Really?
First, where is/are the citation(s)?
I would like to know how the researchers are completely certain that those antibodies were actually induced by SARS1 and not one of the commonly circulating coronaviruses that cause the common cold? Antibodies tend to be cross-reactive. In my experience doing western blots, antibodies against a certain protein worked on extracts from a variety of species--human, mouse, rat, guinea pig, monkey, hamster, etc. And there was considerable cross-reactivity in each sample, as well, against proteins that were not the protein I was studying.
Since coronaviruses all have pretty much the same proteins, I would expect antibodies against coronaviruses to be fairly reactive against all strains.
Western blot analysis of G proteins of wheat seedlings grown in different light regimes.
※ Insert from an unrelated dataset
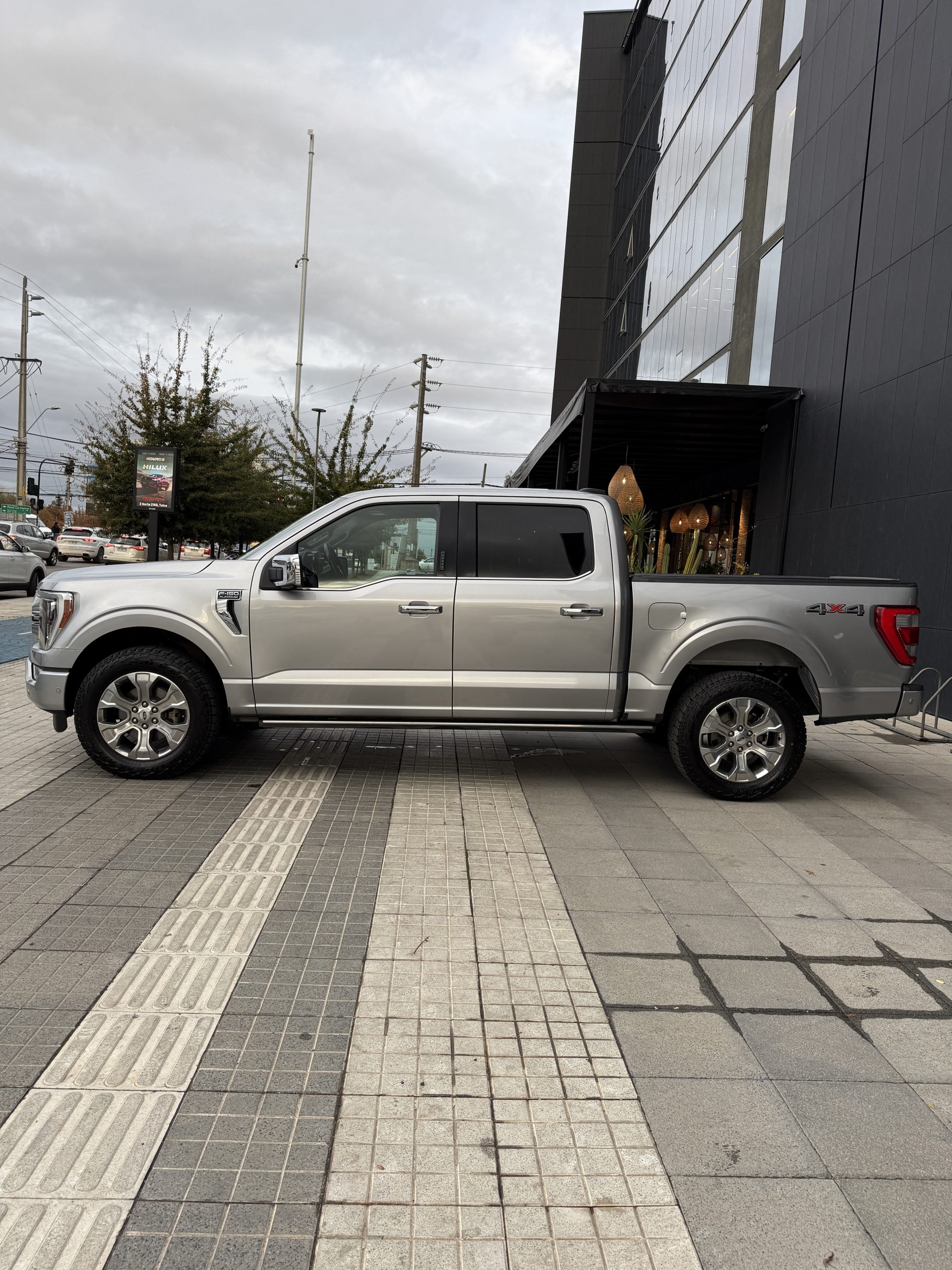 Ford F-150 Platinum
This is a random western blot image that I pulled off the internet to illustrate the cross-reactivity of antibodies. Look at how many protein bands the antibody highlighted. The only way you can tell which protein is the "right" one is through size analysis (which is not included on this blot).
Just for starters:
https://news.ohsu.edu/2021/01/25/sars-cov-2-reacts-to-antibodies-of-virus-from-2003-sars-outbreak-new-study-reveals
https://www.science.org/content/article/covid-19-vaccines-may-trigger-superimmunity-people-who-had-sars-long-ago
Then, as people correctly pointed out, no one needed a pFascist murdeRNA shot since mankind is exposed to coronaviruses all the time - and would have the antibodies already.